2nd March 2011, Comments 0 comments

The number of people unemployed in Spain, which has the highest jobless rate in the industrialised world, rose further in February, the labour ministry said Wednesday.

There were nearly 4.3 million people registered as unemployed last month, up by 68,260 people or 1.6 percent from January, the ministry said.

Compared with the total 12 months ago, the figure was up 4.0 percent or 168,638.

"It is a bad number," secretary of state for employment, Mari Luz Rodriguez, said, adding that the rise in unemployment in February was nonetheless smaller than during the same month in 2010 and 2009.

The government does not provide a jobless rate but the national statistics institute, which uses a different calculation method from the labour ministry, said in January that the rate came to 20.33 percent at the end of 2010.

That is the highest level in the Organisation for Economic Cooperation and Development (OECD) and it easily exceeds the government target of 19.4 percent for the year.

In October, the government raised its forecast for the jobless rate for 2011 to 19.3 percent, from a previous estimate of 18.9 percent, due to the effects of government spending cuts aimed at reining in a massive public deficit and reassuring nervous markets that Spain will not need an Irish-style bailout.

It predicts the jobless rate will dip to 17.5 percent in 2012 and 16.2 percent in 2013.
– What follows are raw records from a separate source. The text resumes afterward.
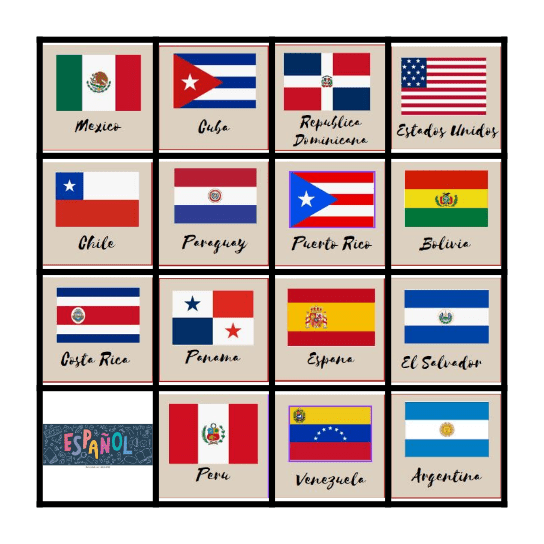 Spanish Speaking Countries Loteria Bingo Card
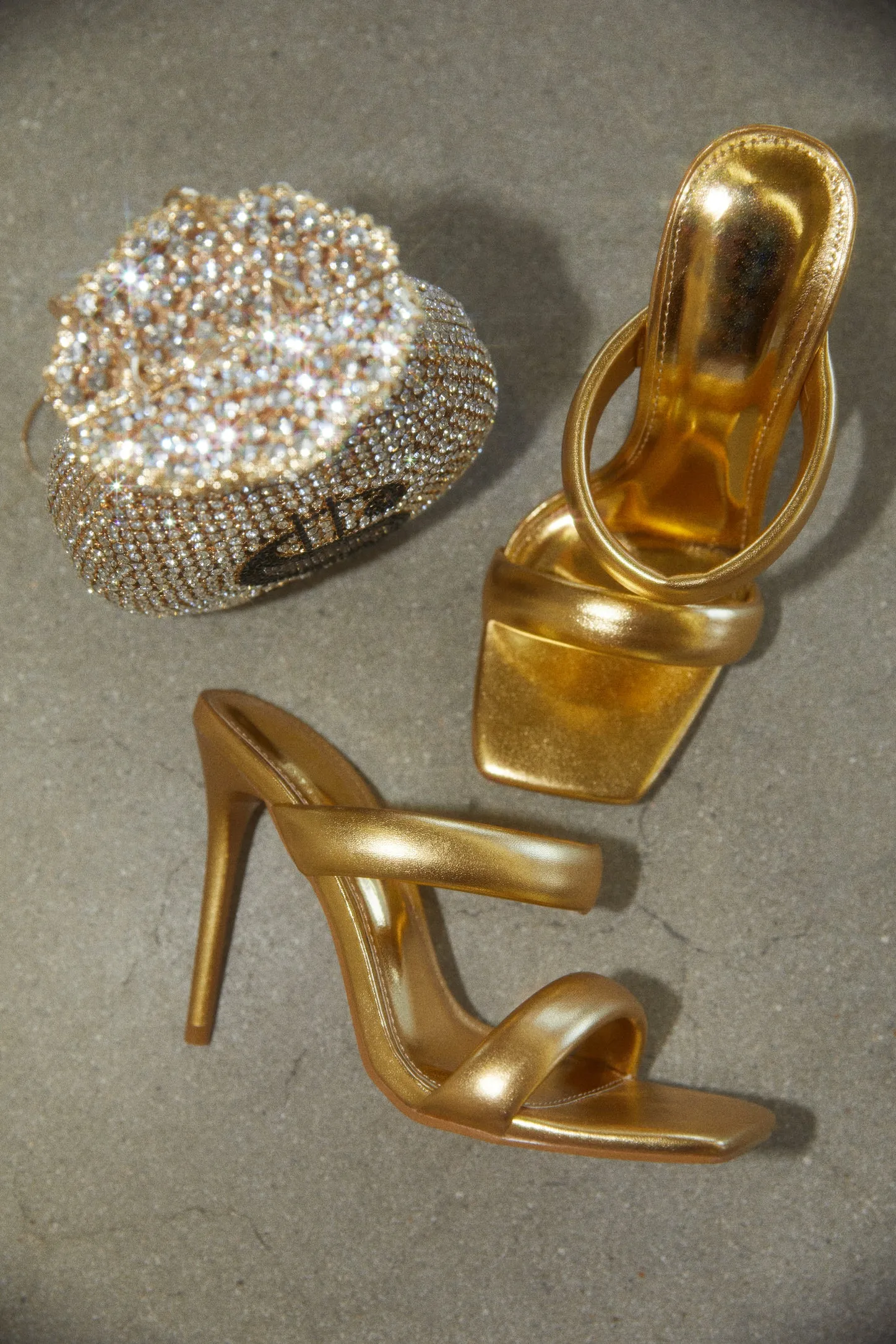 Stassie Single Sole High Heel Mules - Gold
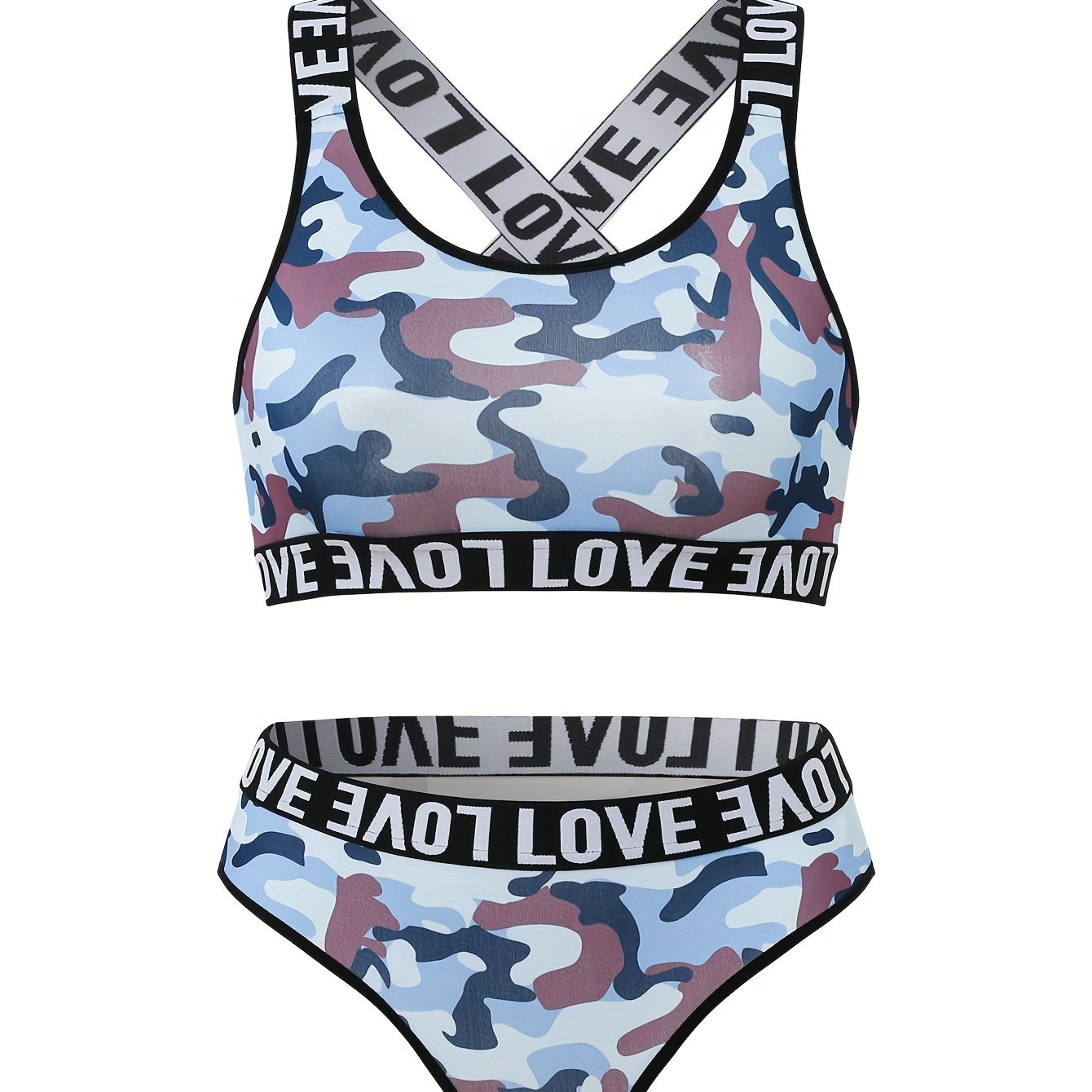 Criss Cross Back Bra & Panties Set Women's Lingerie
The Spanish economy, the European Union's fifth biggest, slumped into recession during the second half of 2008 as the global financial meltdown compounded the collapse of a labour-intensive construction boom.

It shrank 0.1 percent in 2010 and the government predicts the economy will expand by 1.3 percent this year. The International Monetary Fund sees growth of just 0.6 percent.

Last year, the government introduced a hotly contested labour market reforms which cut the country's high cost of firing workers and gave companies more flexibility to reduce working hours and staff levels in economic downturns -- changes that it argued would boost job creation.